Table 1. Simulation results of the proposed model (N=178 subjects; R=1,000 runs).

Covariate in the joint model	Parameter and true value	Estimate	Bias	SDa	SEb	Coverage probability
Intercept	β0 = -5.33	-5.63	-0.30	2.22	2.23	0.96
x1 (continuous)	β1 = 0.54	0.57	0.03	0.10	0.10	0.96
x2 (binary, initial state)	β2 = -0.56	-0.58	-0.02	0.43	0.43	0.96
q12	α2 = 4.08	4.32	0.24	2.01	2.02	0.96
w0	δ20= -0.02	-0.02	0.00	0.03	0.03	0.94
w1 (binary)	δ21= 0.21	0.21	0.00	0.04	0.04	0.95
w2 (continuous)	δ22= 0.06	0.06	0.00	0.02	0.02	0.94
q21	α1= -0.05	-0.06	-0.01	0.09	0.09	0.95
v0	δ10= 1.87	1.87	0.00	0.04	0.04	0.95
v1 (binary)	δ11= -1.11	-1.11	0.00	0.04	0.04	0.95
v2 (continuous)	δ12= -0.08	-0.08	0.00	0.03	0.03	0.95

^aStandard deviation of the point estimates.

^bStandard error, obtained from the squared root of the average of the estimated variance for each run.

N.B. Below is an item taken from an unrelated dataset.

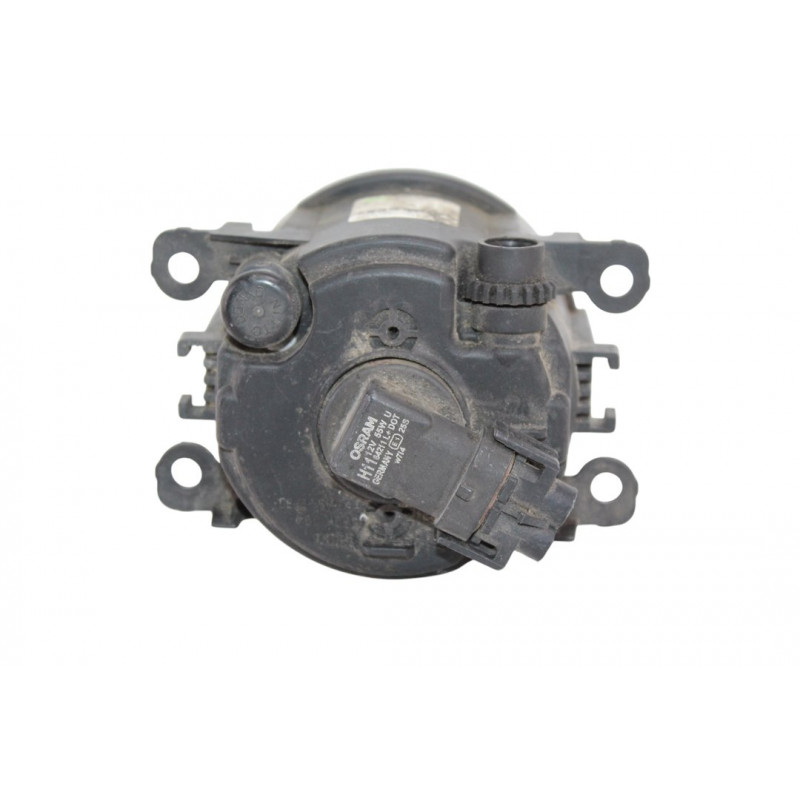  FARO ANTINIEBLA DERECHO FORD FOCUS BERLINA (CB8) Trend 156649 FORD - 1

To assess the performance of our method in a situation where the transition rates do not affect the response (scenario (ii)), we set the parameters α₂ = α₁ = 0 and the true values for β₀, β₁, and β₂ were chosen as the estimates obtained by fitting a regular logistic regression model to the TBI study data; we separately fit a two-state CTMC to the longitudinal data to choose true values for δ₁ and δ₂. In this case, the algorithm did not converge for 1 simulated data set, and therefore its performance was evaluated based on 999 datasets. The bias is still negligible for all the parameter estimates and the coverage probabilities range from 0.94 to 0.97 (Table 2). Therefore, if there is not really an effect of the transition rates on the outcome, the estimates of our main outcome model will approximate those of a regular logistic regression model.

Table 2.

Simulation results using the proposed model to analyze the data generated from a model with no effects of Markov chains on the outcome (N=178 subjects; R=999 runs).

Covariate in the joint model	Parameter and true value	Estimate	Bias	SDa	SEb	Coverage probability
Intercept	β0 = -1.45	-1.49	-0.04	1.88	1.90	0.97
x1 (continuous)	β1 = 0.57	0.60	0.03	0.10	0.10	0.96
x2 (binary, initial state)	β2 = -0.26	-0.27	-0.01	0.42	0.42	0.95
q12	α2 = 0.00	-0.04	-0.04	1.69	1.72	0.97
w0	δ20= -0.02	-0.02	0.00	0.03	0.03	0.95
w1 (binary)	δ21= 0.22	0.22	0.00	0.04	0.04	0.95
w2 (continuous)	δ22= 0.04	0.04	0.00	0.03	0.03	0.95
q21	α1= 0.00	0.00	0.00	0.09	0.09	0.94
v0	δ10= 1.87	1.87	0.00	0.04	0.04	0.94
v1 (binary)	δ11= -1.11	-1.11	0.00	0.04	0.04	0.96
v2 (continuous)	δ12= -0.09	-0.09	0.00	0.03	0.03	0.95

^aStandard deviation of the point estimates.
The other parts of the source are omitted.